January 13 is Amber Alert Awareness Day. The Amber Alert is the single most well known law enforcement tool when a child is missing. We did a story in July 2008 on when an Amber Alert is activated in Nevada. The rules are quite stringent, and the authorities that I've spoken with are proud that they are sticklers for the tough rules. Nevada's Amber Alert system launched in 2003. Since then there have been 23 activations involving 30 children with 29 children safely recovered.
On January 13, 1996, Amber Hagerman was abducted while riding her bicycle and then brutally murdered. The AMBER (America's Missing: Broadcast Emergency Response) Alert network was created after her tragic death to provide emergency broadcast messages to the public when law enforcement determines that a child has been abducted. AMBER Alert broadcasts include information about the child and the abductor, including physical descriptions and information about the abductor's vehicle, which could lead to the child's recovery.

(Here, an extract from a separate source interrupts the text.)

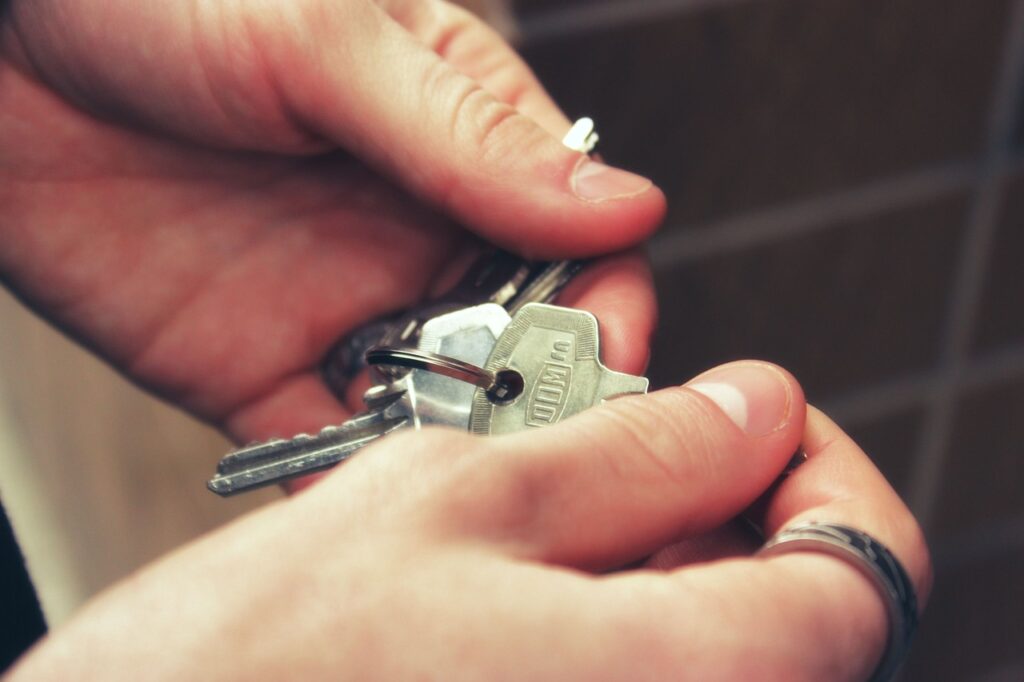 Hands holding keys to a rental property purchased with a Tennessee DSCR loan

According to the federal Department of Justice, the Amber Alert system is about 90% successful.
Each of the 50 states has its own distinct Amber Alert plan, coordinated with bordering states, and operating under federal rules.
Today I learned something new: the DOJ also operates the National Missing and Unidentified Person System, NamUs. It has two distinct but connected missions: finding the missing and identifying remains.